[Task objective]:
Exclude the pictures. Transcribe exactly, and only, the lines from the one holding "Mega Moda Hotel" to the end of the material below.

[Data segment]:
»»
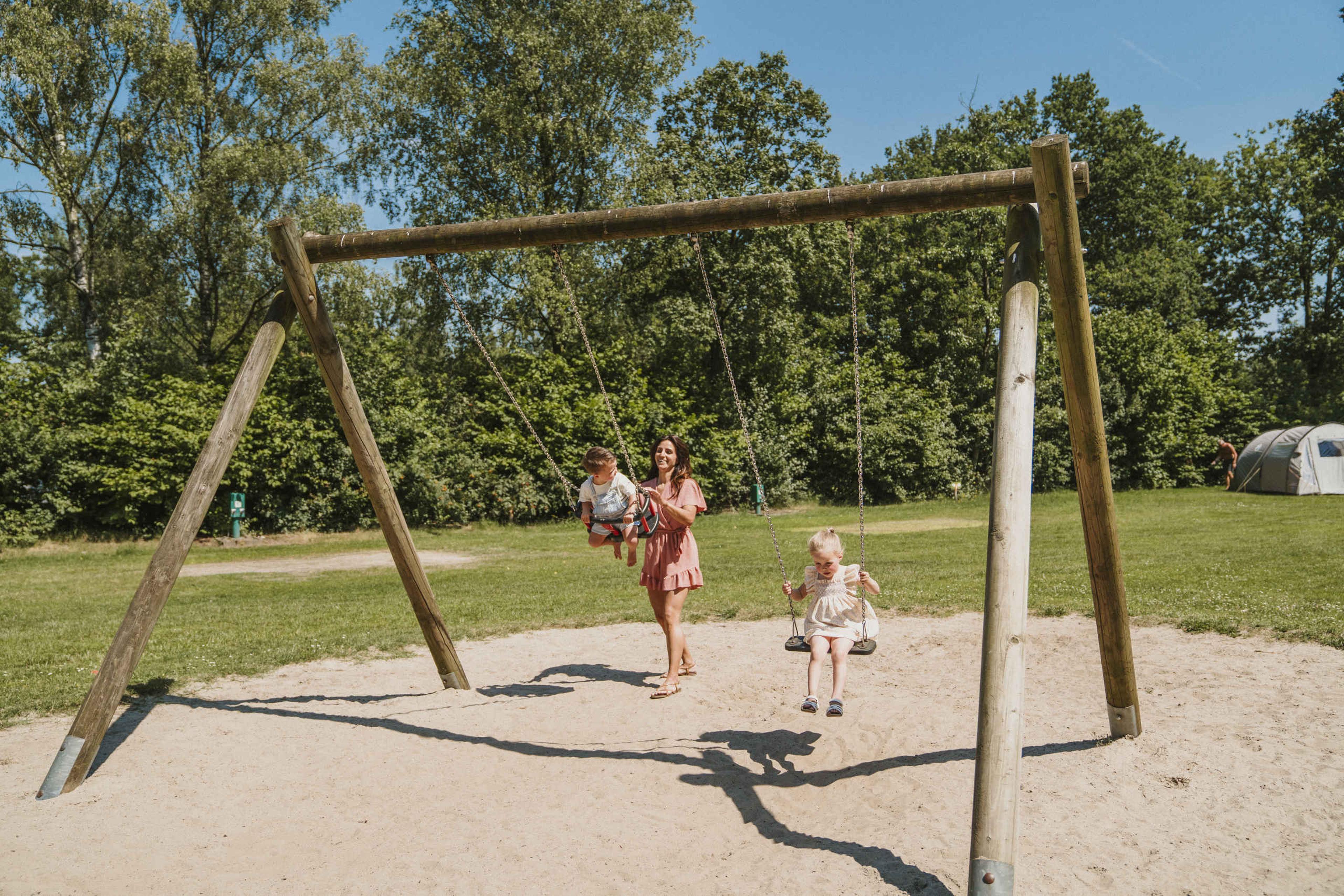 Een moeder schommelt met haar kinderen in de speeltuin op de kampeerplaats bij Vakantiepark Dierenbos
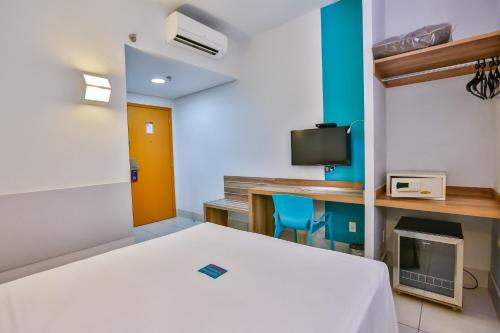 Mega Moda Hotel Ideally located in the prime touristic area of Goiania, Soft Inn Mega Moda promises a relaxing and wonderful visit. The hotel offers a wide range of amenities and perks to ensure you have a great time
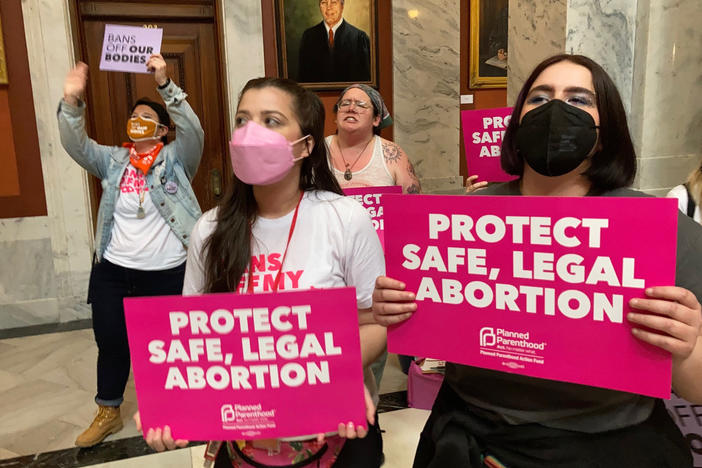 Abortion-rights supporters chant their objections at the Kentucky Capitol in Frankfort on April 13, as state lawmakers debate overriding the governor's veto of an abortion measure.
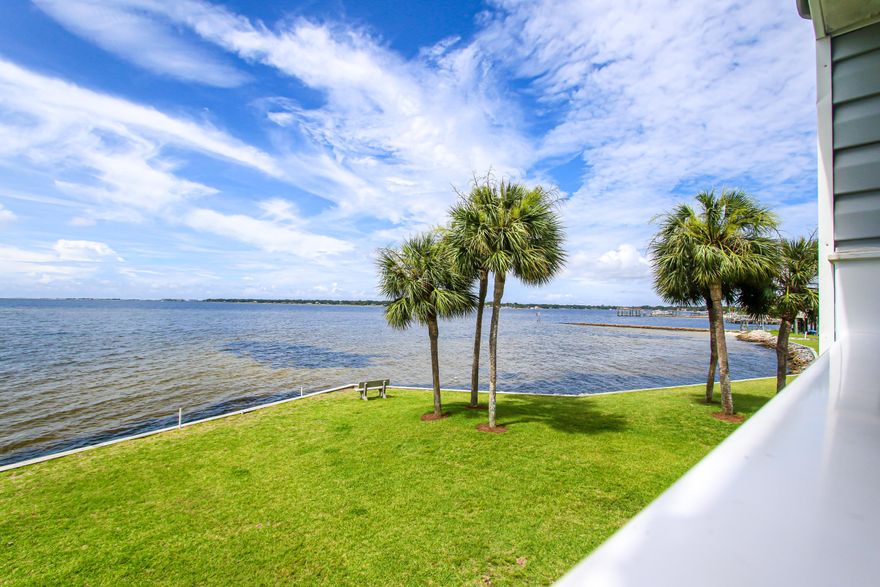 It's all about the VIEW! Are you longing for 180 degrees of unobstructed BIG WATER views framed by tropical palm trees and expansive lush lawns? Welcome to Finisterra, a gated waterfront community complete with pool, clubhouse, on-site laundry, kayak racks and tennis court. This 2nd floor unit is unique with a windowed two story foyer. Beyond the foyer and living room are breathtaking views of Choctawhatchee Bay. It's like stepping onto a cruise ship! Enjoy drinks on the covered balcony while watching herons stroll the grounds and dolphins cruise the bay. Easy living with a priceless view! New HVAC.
««
[Written answer]:
 Mega Moda Hotel Ideally located in the prime touristic area of Goiania, Soft Inn Mega Moda promises a relaxing and wonderful visit. The hotel offers a wide range of amenities and perks to ensure you have a great time
 Abortion-rights supporters chant their objections at the Kentucky Capitol in Frankfort on April 13, as state lawmakers debate overriding the governor's veto of an abortion measure.
 It's all about the VIEW! Are you longing for 180 degrees of unobstructed BIG WATER views framed by tropical palm trees and expansive lush lawns? Welcome to Finisterra, a gated waterfront community complete with pool, clubhouse, on-site laundry, kayak racks and tennis court. This 2nd floor unit is unique with a windowed two story foyer. Beyond the foyer and living room are breathtaking views of Choctawhatchee Bay. It's like stepping onto a cruise ship! Enjoy drinks on the covered balcony while watching herons stroll the grounds and dolphins cruise the bay. Easy living with a priceless view! New HVAC.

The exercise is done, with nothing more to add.